What does being a professional mean to you? Tell me about your relationships. How do you feel about these changes in relationships? Do you have any other comments?

End of interview a Questions were adjusted during the study to explore emergent themes. Footnotes An AM Rounds blog post on this article is available at academicmedicineblog.

But I understand if you don't want relationship questions on your sub! but if he receives something during rounds, there's a good chance he'll see it and forget. Anyone start a residency while being single and now in a successful serious relationship? I know that I can always date residents or nurses but.

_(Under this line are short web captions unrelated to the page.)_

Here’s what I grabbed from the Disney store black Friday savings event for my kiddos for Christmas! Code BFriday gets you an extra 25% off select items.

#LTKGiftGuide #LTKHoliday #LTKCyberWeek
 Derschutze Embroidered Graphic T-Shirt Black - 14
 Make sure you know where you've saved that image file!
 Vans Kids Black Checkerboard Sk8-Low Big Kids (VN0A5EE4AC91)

References 1. Prevalence of depression and depressive symptoms among resident physicians: A systematic review and meta-analysis. A year perspective on the prevalence of depression: The Stirling County Study. Arch Gen Psychiatry. Dyrbye L, Shanafelt T. A narrative review on burnout experienced by medical students and residents.


Med Educ. Raj KS. Well-being in residency: A systematic review. J Grad Med Educ. West J Med. Social support and resilience to stress: From neurobiology to clinical practice. Psychiatry Edgmont. Cohen JS, Patten S. Well-being in residency training: A survey examining resident physician satisfaction both within and outside of residency training and mental health in Alberta.

BMC Med Educ. Earle L, Kelly L. Coping strategies, depression, and anxiety among Ontario family medicine residents.